* **PROVIDED DATA**:
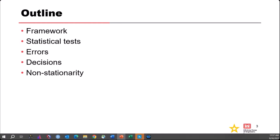Once you're familiar with the framework and at least a couple of the basic tests, you can then expand your repertoire to apply other tests that you might encounter. We'll talk about errors — two general types of errors that we can think about when we're doing hypothesis tests and how that relates to how we make decisions. And then we'll wrap up with an overview of some of the tests used to evaluate non-stationarity.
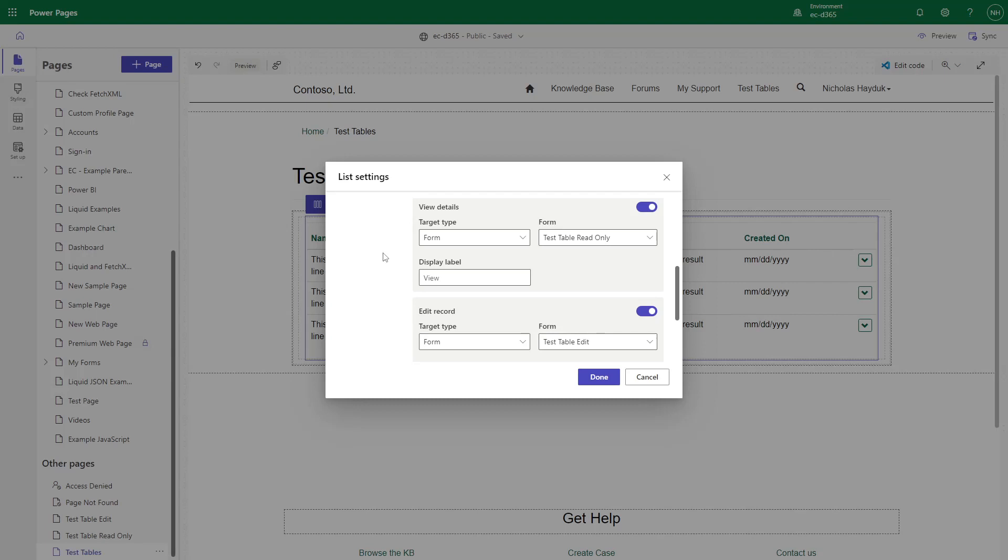The options available to you when you configure the View Details and Edit button are the same. You can point it at a webpage, a form which will open in a modal, or redirect to a URL.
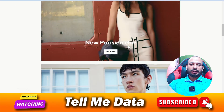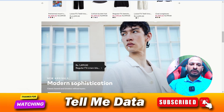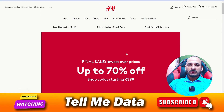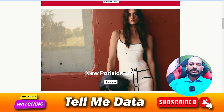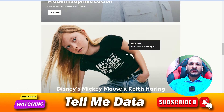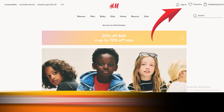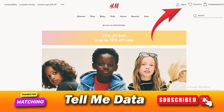Welcome back. In this video, I'm going to show you how to cancel your H&M orders using all official methods. To get started, visit the official app or website of H&M and sign into your account.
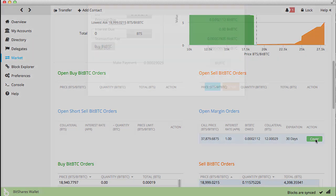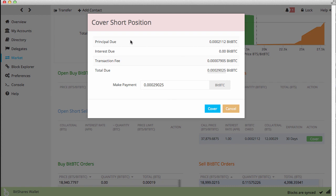If we hit the cover button, it says principal due — we pay back our short in BitBTC. It doesn't care about BTS or anything else; all it wants is the BitBTC back to the bank, because this is essentially what we got loaned. Interest due is zero since so little time has passed. We do have to pay a transaction fee — it's shown in BitBTC but will actually be paid in BTS. Total due is the total amount of BitBTC we need in order to cover this short: 29025.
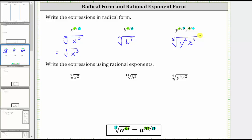Now let's look at three examples where we convert from radical form to rational exponent form. First, we have the cube root of x squared. Notice the index is three, which gives us the denominator of the rational exponent, and the exponent on x is two, which gives us the numerator of the rational exponent. The cube root of x squared equals x raised to the power of two thirds.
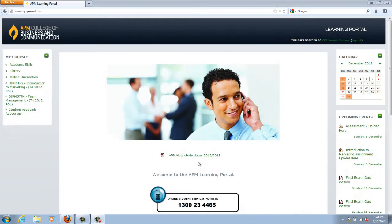The Academic Skills page is a great resource to use if you haven't studied at a tertiary level before, or if it's been a long time since you've studied. If you're unsure about the format required in an assessment, then you should consult this page. This page is not a subject and is not assessed.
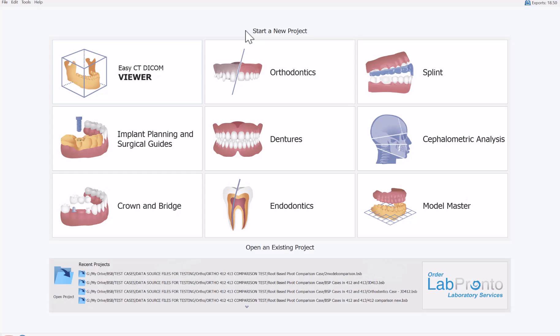We have two new significant updates in our surgical guide wizard process flow. In this training tutorial I'm going to take you through the wizard process flow for implant planning and surgical guide design and fabrication for one or two implant cases. This is using version 4.13 of the Blue Sky Plan software. If you're not using version 4.13, please upgrade to the latest release. I'm going to start the process by clicking on Implant Planning and Surgical Guides.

* **EXERCISE REQUIREMENTS**:
Up to and including the line with "If we hit the", repeat every line from the top of the entries exactly, but not the pictures.

* **ANSWER BOX**:
Once you're familiar with the framework and at least a couple of the basic tests, you can then expand your repertoire to apply other tests that you might encounter. We'll talk about errors — two general types of errors that we can think about when we're doing hypothesis tests and how that relates to how we make decisions. And then we'll wrap up with an overview of some of the tests used to evaluate non-stationarity.
The options available to you when you configure the View Details and Edit button are the same. You can point it at a webpage, a form which will open in a modal, or redirect to a URL.
Welcome back. In this video, I'm going to show you how to cancel your H&M orders using all official methods. To get started, visit the official app or website of H&M and sign into your account.
If we hit the cover button, it says principal due — we pay back our short in BitBTC. It doesn't care about BTS or anything else; all it wants is the BitBTC back to the bank, because this is essentially what we got loaned. Interest due is zero since so little time has passed. We do have to pay a transaction fee — it's shown in BitBTC but will actually be paid in BTS. Total due is the total amount of BitBTC we need in order to cover this short: 29025.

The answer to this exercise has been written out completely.